Jens Ivan Christoffersen (1928-2013) trained as an engineer and carpenter. He created wooden designs, furniture and toys under the name J.I. Christoffersen.

He lived an exciting life, throwing himself enthusiastically into a wealth of projects. Parallel to his work as a designer, he cultivated a lifelong love of air travel. He single-handedly reconstructed a glider from World War II.

The cold Antarctic seas inspired one of J.I. Christoffersen’s most celebrated pieces, the Salt Penguin.

Wood as medium

Jens Ivan Christoffersen loved working with wood and watching his concepts emerge.

This was based on his background as a carpenter and construction engineer. But he also had the opinion that timber possesses its own wonderful structure and colour.
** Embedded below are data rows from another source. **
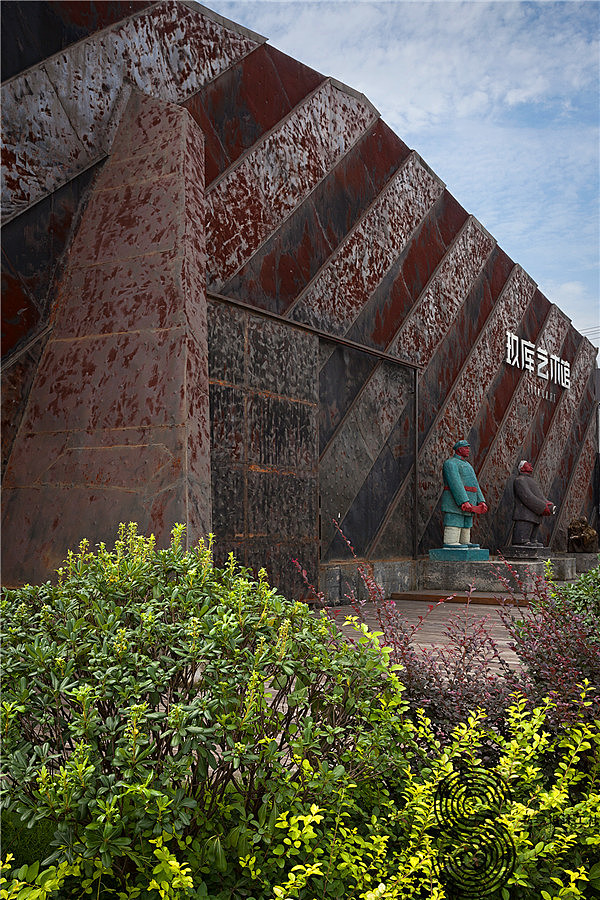 成都私享高端办公室设计—玖库艺术馆办公室装修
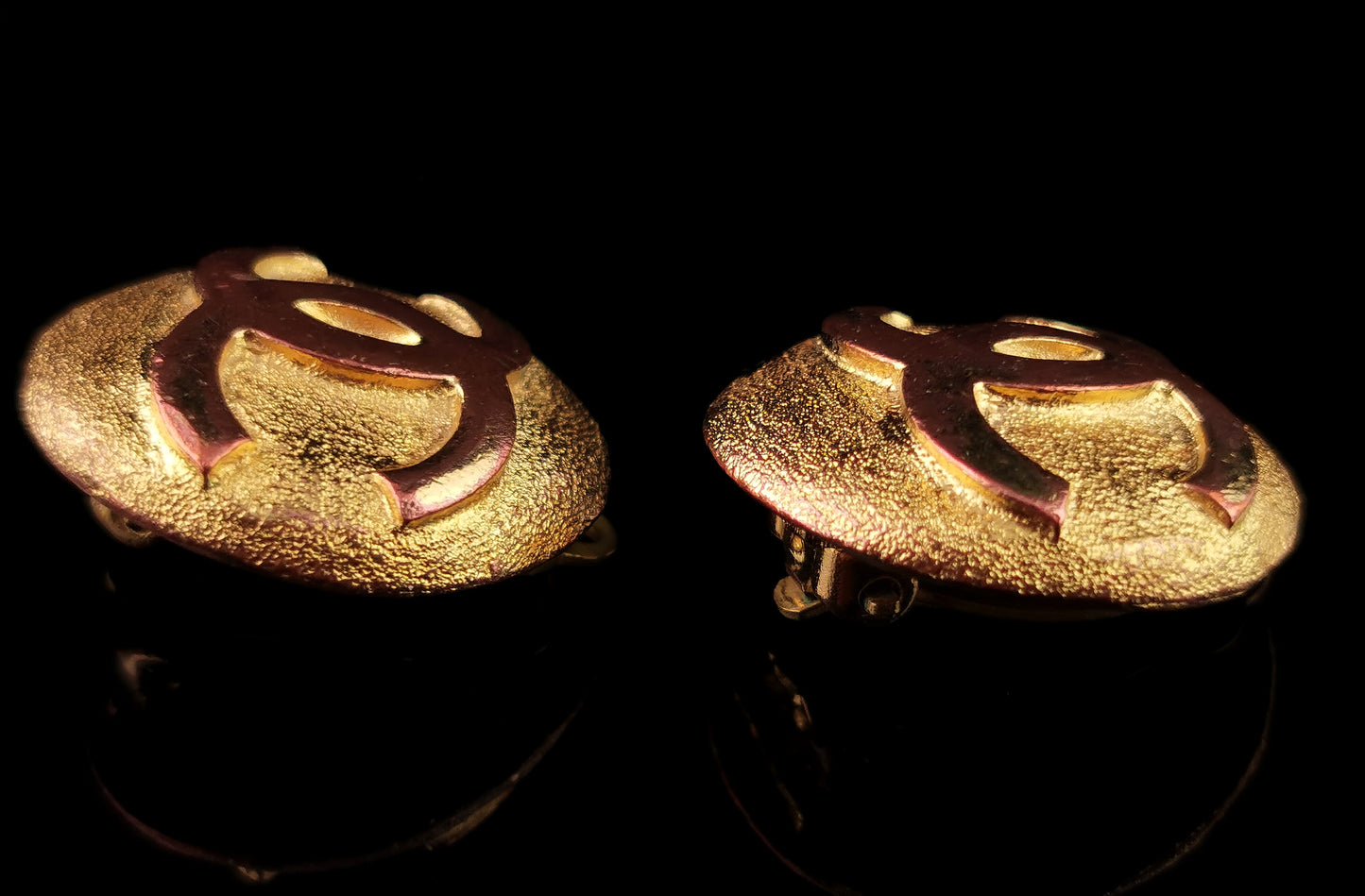 Vintage Chanel CC logo clip on earrings, Gold tone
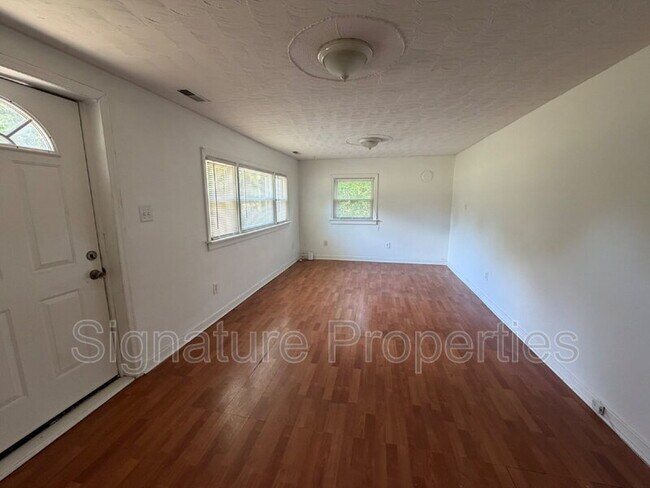 Photo - 2262 Mill Rd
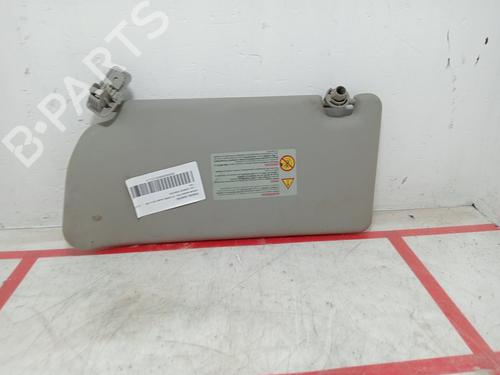 Used Right sun visor Right sun visor 32748581 32748581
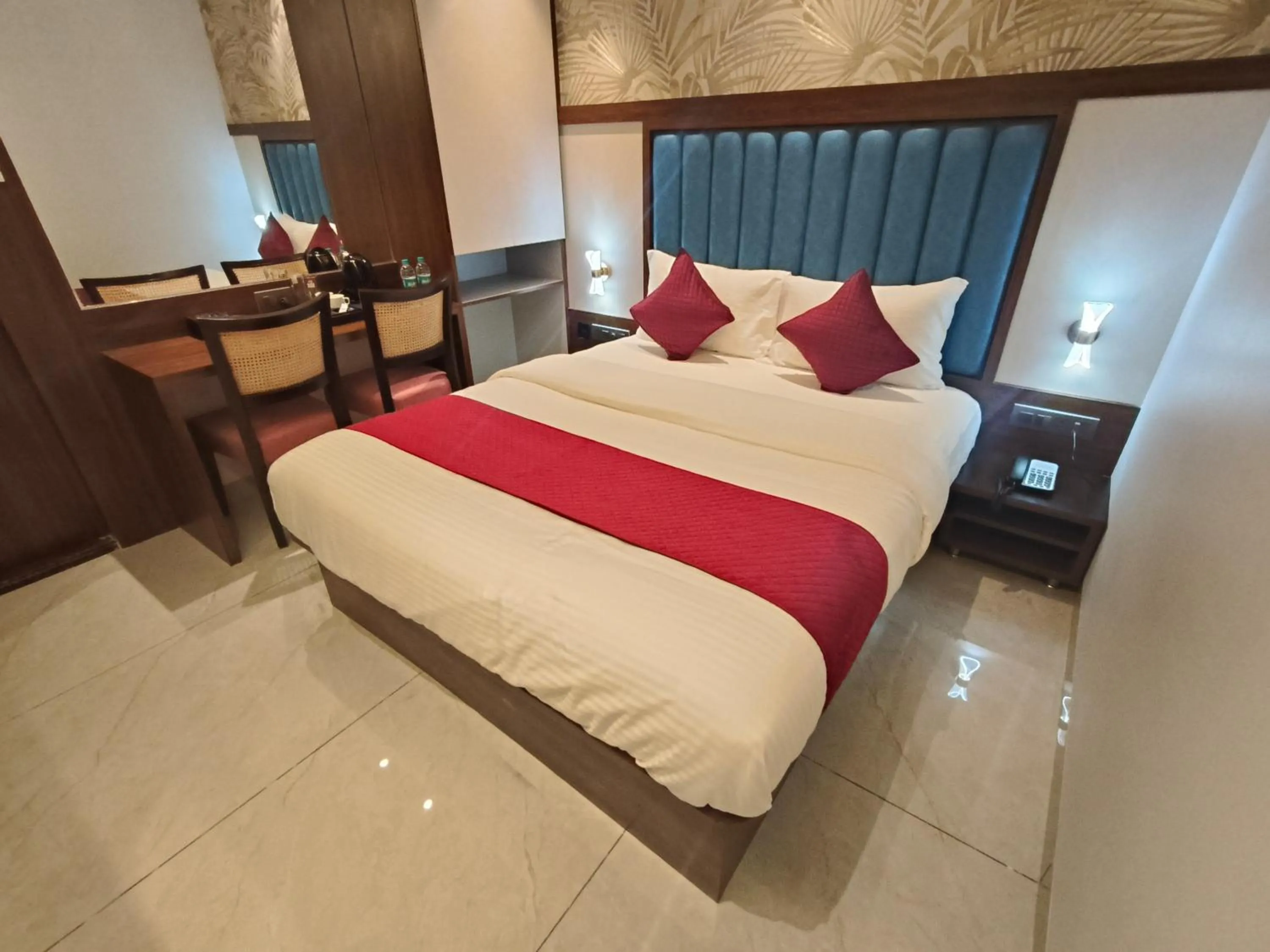 Bed in Hotel Ocean Residency Thane West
It simply lends itself well to forming objects both large and small.

Wood became J.I. Christoffersen's metier. His efforts includes toys, building renovations and getting a wooden glider into the skies again.

“Great design is like the scent of a flower”

For J.I. Christoffersen, great design delighted the eye – and could be used in everyday life.

He frequently said: “Great design is like the scent of a flower”. And a fragrant flower arises when design meets usability and great craftsmanship.

According to J.I. Christoffersen, Hans J. Wegner's furniture, Poul Henningsen's iconic PH lamps and Kay Bojesen's wooden figures fulfilled those demands. They unified the useable with the practical, were high quality and delighted the eye all at once.

Design inspired by everyday life

J.I. Christoffersen drew inspiration from the wishes of others. He loved to solve functional challenges.

This might be when his wife wished for a new lamp. Or creating a companion to Tonn-P's Pepper Bird, which always stood on the dining table at home.

J.I. Christoffersen reckoned that the Pepper Bird lacked a worthy salt companion. And after watching a TV broadcast about penguins, the idea of the Salt Penguin arose.

The idea became reality. From then on, the Salt Penguin and Pepper Bird were a virtually inseparable pair in Danish design.